The Art of Conception: Everything you need to know now about the fertility treatments that work.
Posted on September 23, 2006
by Heather Thompson
The Holistic Approach
A reproductive endocrinology and infertility specialist, such as Dr. Schriock, isn’t the only expert who can help you get pregnant. More people are turning to traditional Chinese practices, such as acupuncture and acupressure, for assistance. Acupuncture is one of the oldest and most established healing practices in the world, and many experts believe that, when used in conjunction with Western medicine, it increases a woman’s chances of becoming pregnant by 15 to 20 percent.
On the forefront of this approach is Dr. Angela C. Wu, founder and president of Wu’s Healing Center (wushealingcenter.com) in the Richmond District, whose book, Fertility Wisdom, will be published by Rodale this month. Dr. Wu treats a patient from several months before conception to several months after childbirth. “Think of the body as a garden,” she says. “You must first get rid of the weeds before you plant the seed. You must plant when conditions are optimal for the seed to flourish. I help prepare the garden for planting, and I tend to the seed after it grows.”
During the preconception stage (which lasts about three to six months), she practices acupressure and acupuncture on both the prospective mother and father, and asks them to adhere to a strict diet of specific foods and herbal remedies, and even alter aspects of their lifestyle. Not everyone is prepared for the commitment this involves. “I had to give up my favorite foods, take herbs I’d never heard of, have needles stuck in me on a weekly basis,” says a 43-year-old Berkeley woman who wishes to remain anonymous, “but I followed her regimen and became pregnant in five months, after several doctors had told me there was no hope. Now I can’t say enough good things about her practice.”
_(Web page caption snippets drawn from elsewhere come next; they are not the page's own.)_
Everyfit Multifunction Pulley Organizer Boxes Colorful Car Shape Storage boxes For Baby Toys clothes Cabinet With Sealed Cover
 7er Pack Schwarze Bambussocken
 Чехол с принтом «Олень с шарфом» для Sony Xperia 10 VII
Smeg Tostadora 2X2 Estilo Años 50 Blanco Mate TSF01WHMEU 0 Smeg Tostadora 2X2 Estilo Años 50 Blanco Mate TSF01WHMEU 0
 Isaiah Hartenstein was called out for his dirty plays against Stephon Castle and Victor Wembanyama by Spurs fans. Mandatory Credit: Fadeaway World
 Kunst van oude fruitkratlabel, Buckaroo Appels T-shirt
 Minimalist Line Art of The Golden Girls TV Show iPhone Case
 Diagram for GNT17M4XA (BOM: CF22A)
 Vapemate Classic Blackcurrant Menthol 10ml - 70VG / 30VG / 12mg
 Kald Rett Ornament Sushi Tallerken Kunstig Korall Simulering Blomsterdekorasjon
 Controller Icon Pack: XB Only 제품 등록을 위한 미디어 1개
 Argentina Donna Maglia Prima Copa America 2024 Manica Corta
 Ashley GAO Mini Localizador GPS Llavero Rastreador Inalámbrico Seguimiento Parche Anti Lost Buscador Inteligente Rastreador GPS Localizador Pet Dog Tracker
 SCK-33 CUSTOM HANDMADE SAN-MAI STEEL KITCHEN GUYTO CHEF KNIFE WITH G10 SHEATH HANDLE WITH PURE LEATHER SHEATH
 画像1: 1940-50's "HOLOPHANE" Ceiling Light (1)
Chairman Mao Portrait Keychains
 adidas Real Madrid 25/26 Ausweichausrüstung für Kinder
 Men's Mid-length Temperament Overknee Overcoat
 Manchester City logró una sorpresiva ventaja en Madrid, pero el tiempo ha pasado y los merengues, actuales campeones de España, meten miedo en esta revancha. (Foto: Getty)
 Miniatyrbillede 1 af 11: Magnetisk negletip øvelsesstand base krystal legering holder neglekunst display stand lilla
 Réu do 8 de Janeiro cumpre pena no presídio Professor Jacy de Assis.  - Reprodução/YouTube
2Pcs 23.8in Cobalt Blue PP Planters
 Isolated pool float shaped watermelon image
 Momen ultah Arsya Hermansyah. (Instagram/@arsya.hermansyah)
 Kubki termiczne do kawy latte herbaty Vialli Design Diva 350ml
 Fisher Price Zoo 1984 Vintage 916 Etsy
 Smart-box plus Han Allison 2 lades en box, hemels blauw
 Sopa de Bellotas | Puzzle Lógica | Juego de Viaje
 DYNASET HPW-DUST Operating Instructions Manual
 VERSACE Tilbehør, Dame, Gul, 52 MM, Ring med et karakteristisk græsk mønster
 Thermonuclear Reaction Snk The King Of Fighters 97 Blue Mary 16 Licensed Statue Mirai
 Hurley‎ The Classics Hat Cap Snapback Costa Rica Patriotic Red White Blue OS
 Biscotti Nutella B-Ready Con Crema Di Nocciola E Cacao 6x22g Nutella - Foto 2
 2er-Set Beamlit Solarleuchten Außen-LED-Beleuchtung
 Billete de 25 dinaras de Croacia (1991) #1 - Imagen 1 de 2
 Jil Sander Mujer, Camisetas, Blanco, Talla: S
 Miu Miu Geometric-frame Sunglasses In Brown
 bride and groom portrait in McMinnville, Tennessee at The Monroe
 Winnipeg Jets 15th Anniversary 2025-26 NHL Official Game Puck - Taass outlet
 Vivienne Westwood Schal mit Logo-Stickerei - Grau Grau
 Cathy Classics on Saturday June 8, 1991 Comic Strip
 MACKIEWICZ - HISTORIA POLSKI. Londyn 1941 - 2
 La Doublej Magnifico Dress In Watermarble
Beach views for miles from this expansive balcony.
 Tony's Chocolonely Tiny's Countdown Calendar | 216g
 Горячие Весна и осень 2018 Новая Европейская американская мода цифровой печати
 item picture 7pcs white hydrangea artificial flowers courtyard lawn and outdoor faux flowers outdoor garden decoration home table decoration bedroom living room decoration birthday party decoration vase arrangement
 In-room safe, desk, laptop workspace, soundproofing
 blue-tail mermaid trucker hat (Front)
Once a woman becomes pregnant, Dr. Wu continues the acupuncture and acupressure treat-ments, mostly during the first trimester. She insists that a particular method of acupressure reduces swollen and bloated limbs in the mother and results in fewer instances of jaundice in the baby after birth.
After the baby has been delivered, Dr. Wu prescribes a combination of herbs to help speed recovery time and cleanse the blood. She also recommends coming in upon leaving the hospital, as postpartum treatments will strengthen the reproductive organs, which may have weakened over the course of the pregnancy and delivery. She performs an acupressure treatment called an “uplift,” which is essentially a lifting of the uterus. “Your body is like a building,” she explains. “The uterus is the base. After you give birth, the base of the building is weak. We must strengthen and lift the foundation back into place.” In doing so, she claims, a mother will eliminate the possibility of postpartum depression and ready herself for future pregnancies.
Dr. Wu believes that when a woman has a difficult time conceiving, her best solution is to combine both Western and Eastern practices. “Often I help women conceive naturally, but when this is not possible, traditional Chinese medicine improves the effectiveness of Western ARTs, and minimizes the difficulties of pregnancy and childbirth.” Dr. Schriock agrees: “Half of our patients, maybe even more, use some form of Eastern treatment. In fact, belief in this technique is so strong, some of our patients head straight to a Chinese doctor for acupuncture immediately after undergoing IVF.”